ACTION ITEM:
Could you restate the entries word for word, without the images?
BEGIN
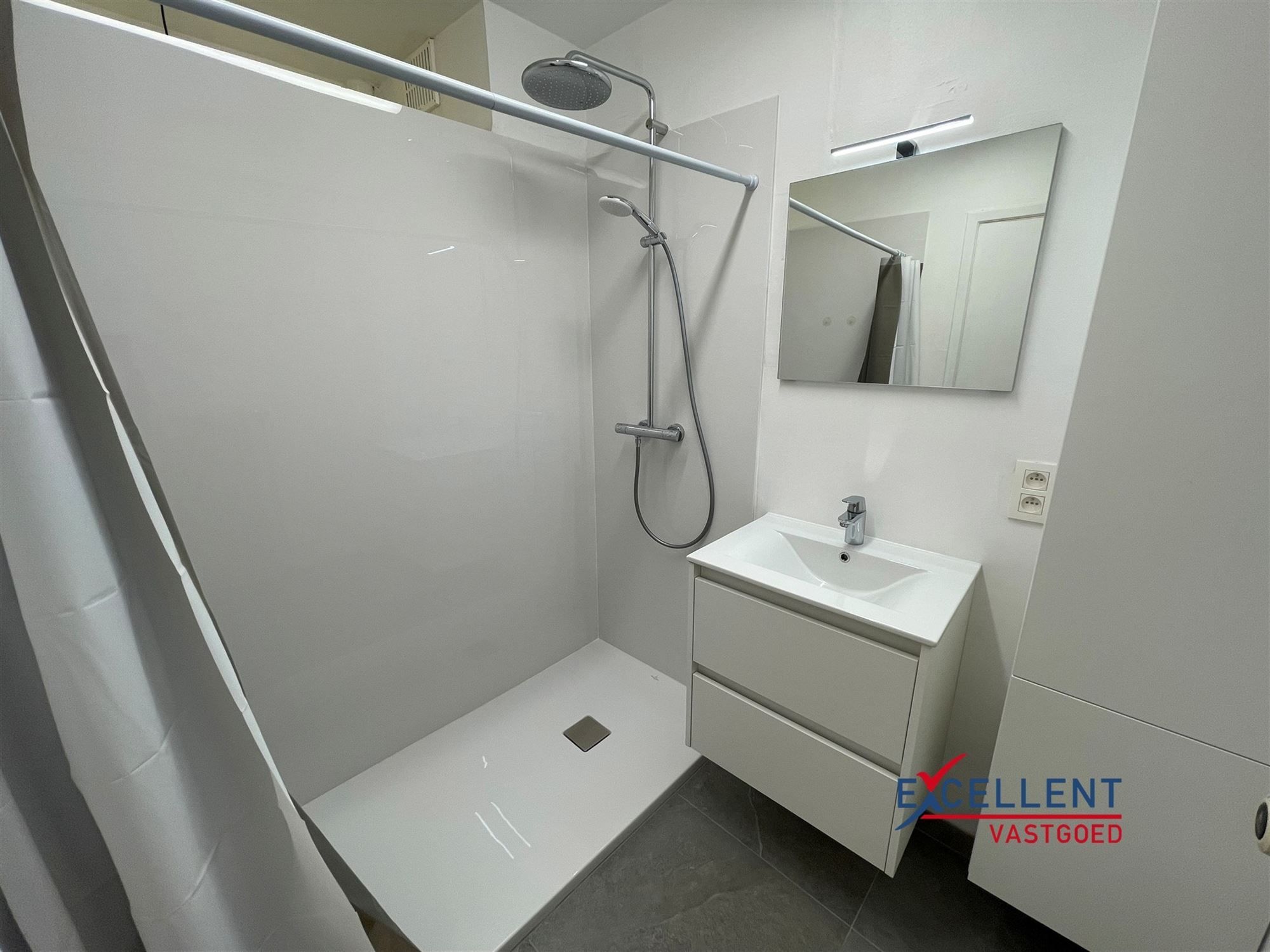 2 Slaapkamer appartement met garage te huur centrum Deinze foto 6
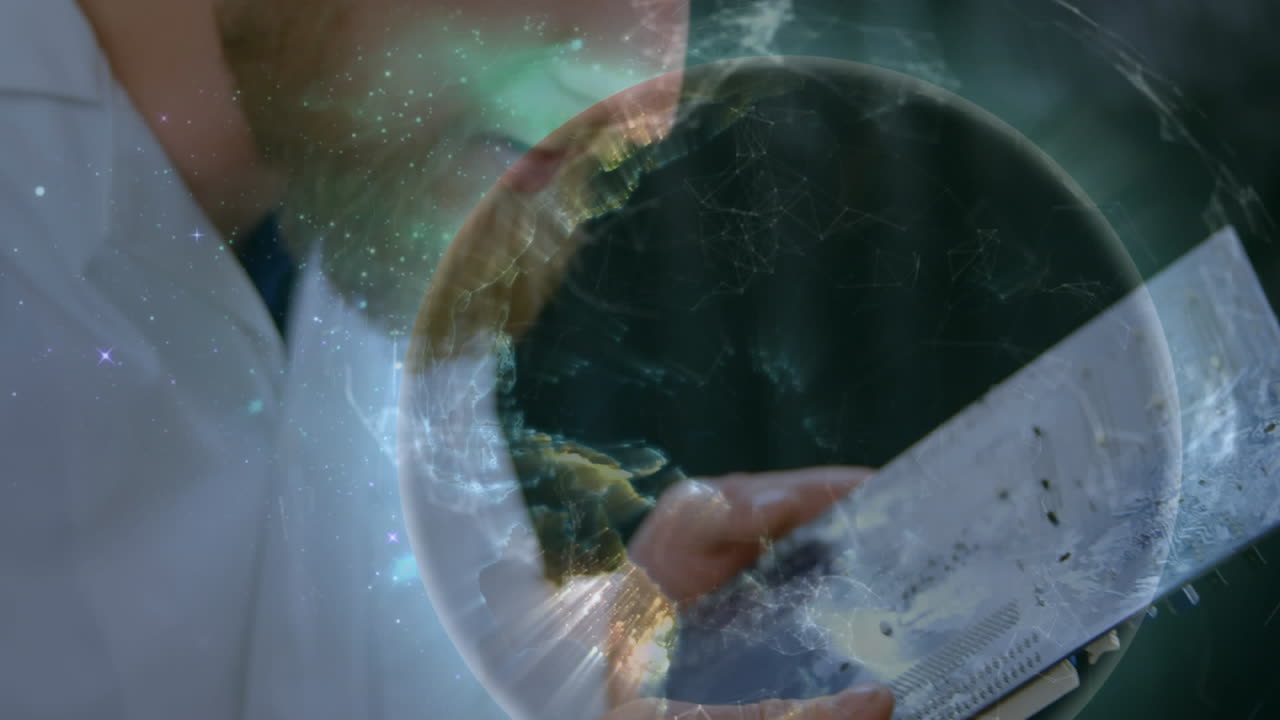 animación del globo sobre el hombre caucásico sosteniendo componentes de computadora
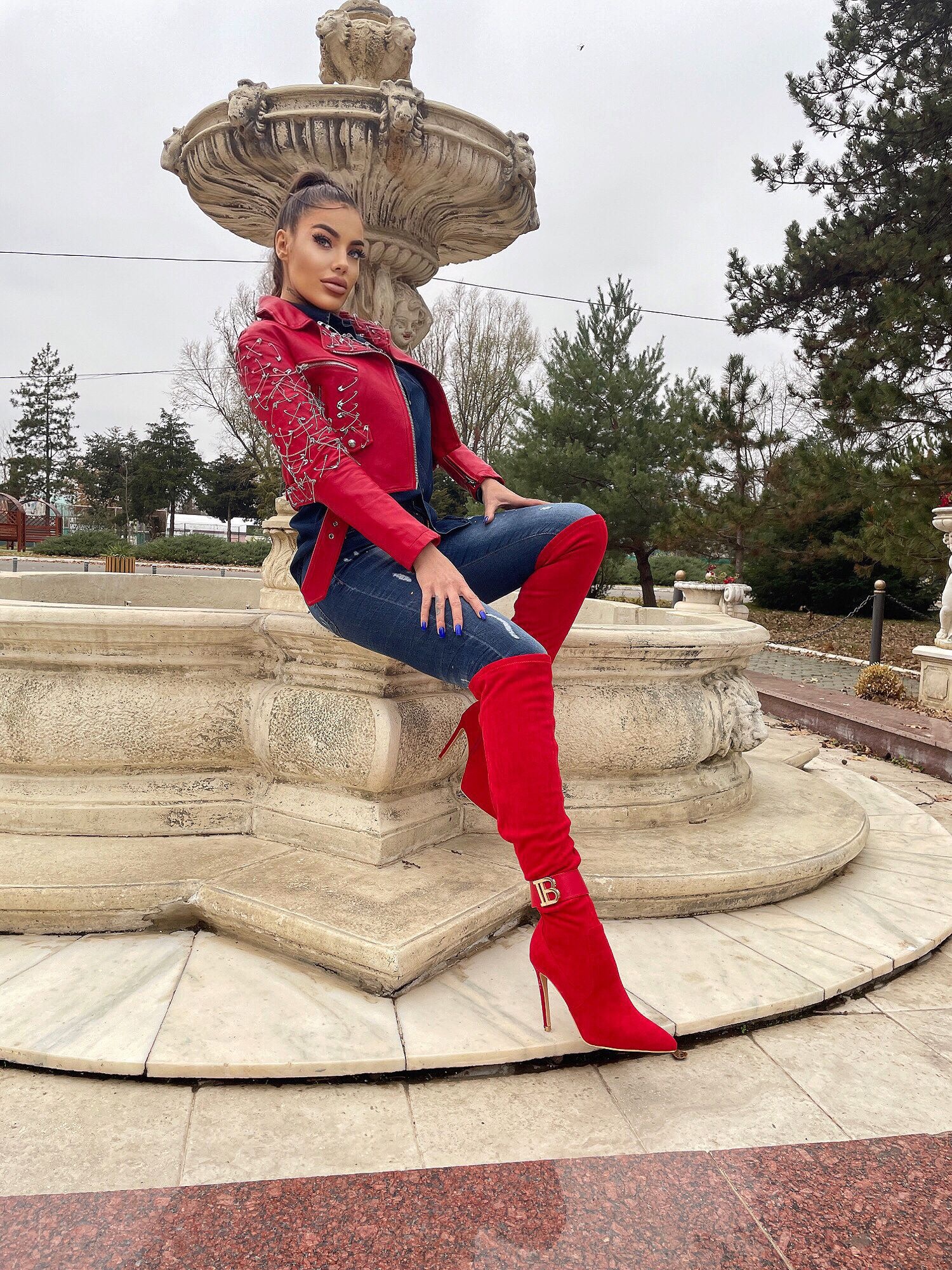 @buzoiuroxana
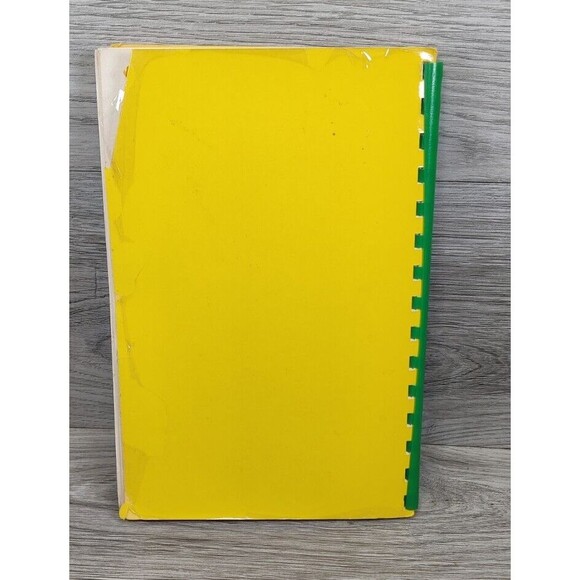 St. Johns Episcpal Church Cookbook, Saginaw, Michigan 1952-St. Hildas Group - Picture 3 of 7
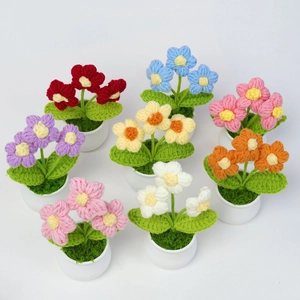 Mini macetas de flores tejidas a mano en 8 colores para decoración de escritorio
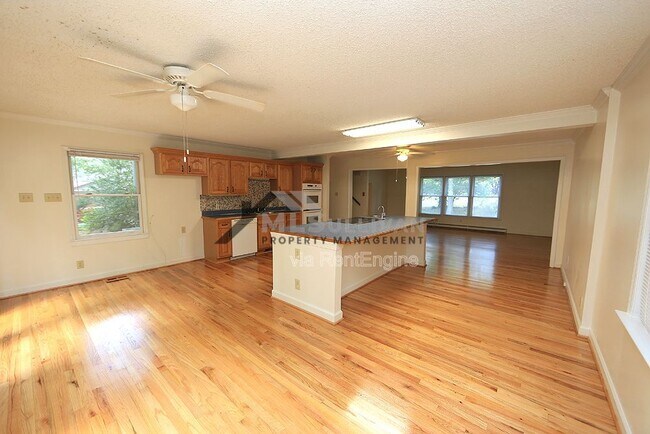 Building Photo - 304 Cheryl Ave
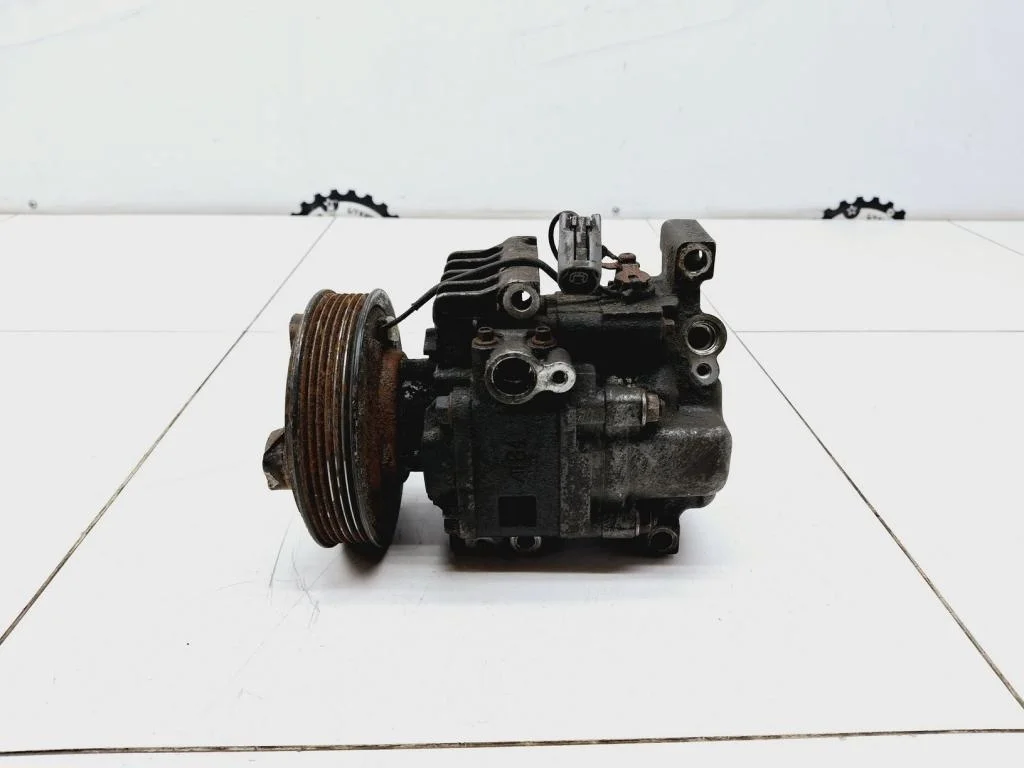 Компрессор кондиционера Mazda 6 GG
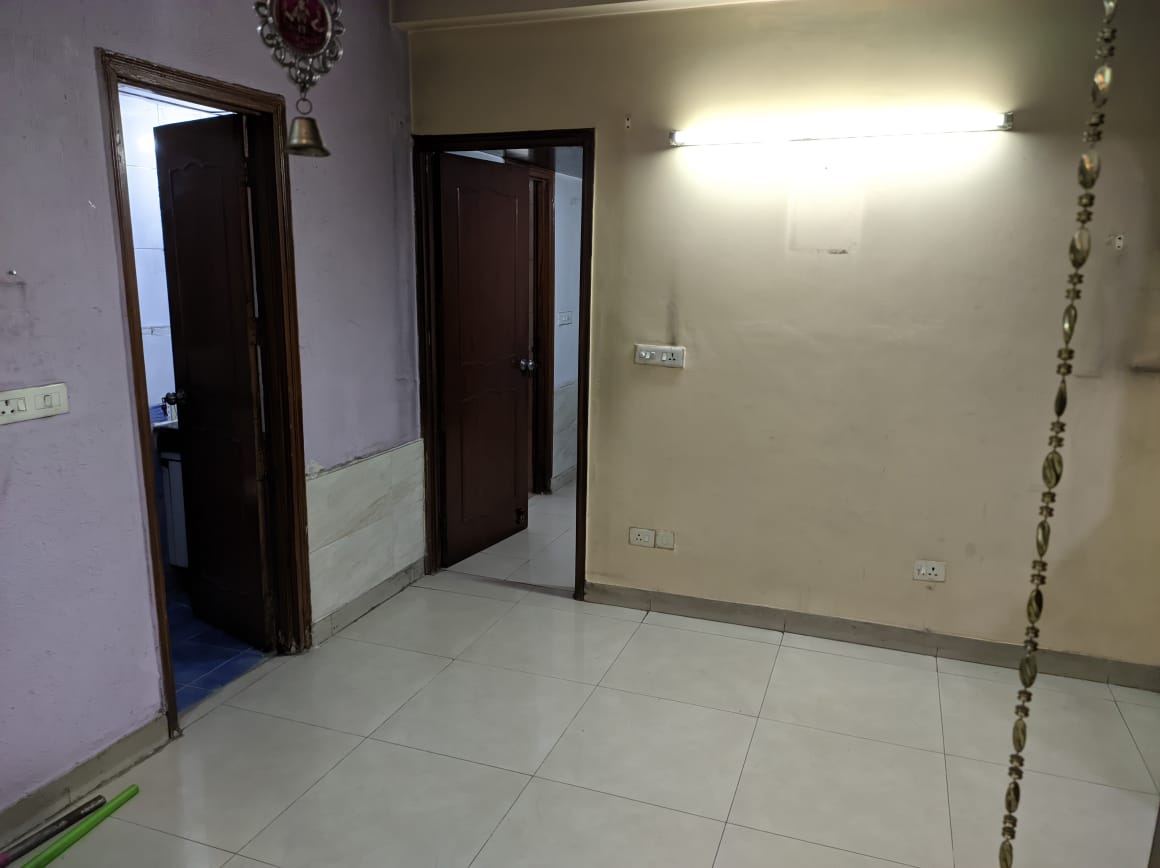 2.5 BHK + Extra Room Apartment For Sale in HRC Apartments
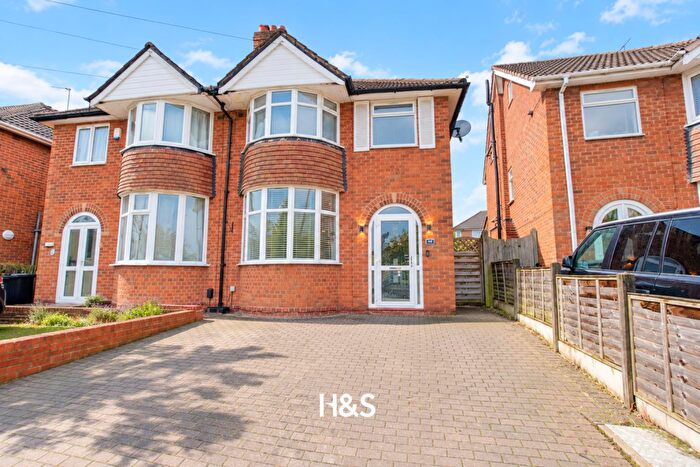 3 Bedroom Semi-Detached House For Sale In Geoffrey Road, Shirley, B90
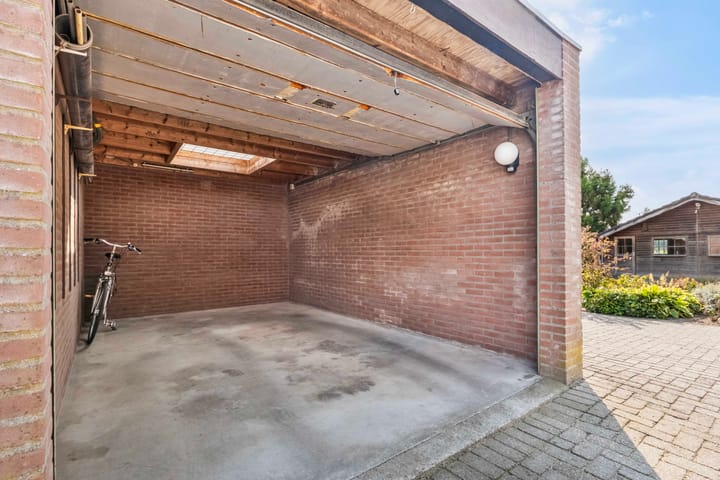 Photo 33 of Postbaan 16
END
RESPONSE TO THIS TASK:
 2 Slaapkamer appartement met garage te huur centrum Deinze foto 6
 animación del globo sobre el hombre caucásico sosteniendo componentes de computadora
 @buzoiuroxana
 St. Johns Episcpal Church Cookbook, Saginaw, Michigan 1952-St. Hildas Group - Picture 3 of 7
 Mini macetas de flores tejidas a mano en 8 colores para decoración de escritorio
 Building Photo - 304 Cheryl Ave
 Компрессор кондиционера Mazda 6 GG
 2.5 BHK + Extra Room Apartment For Sale in HRC Apartments
 3 Bedroom Semi-Detached House For Sale In Geoffrey Road, Shirley, B90
 Photo 33 of Postbaan 16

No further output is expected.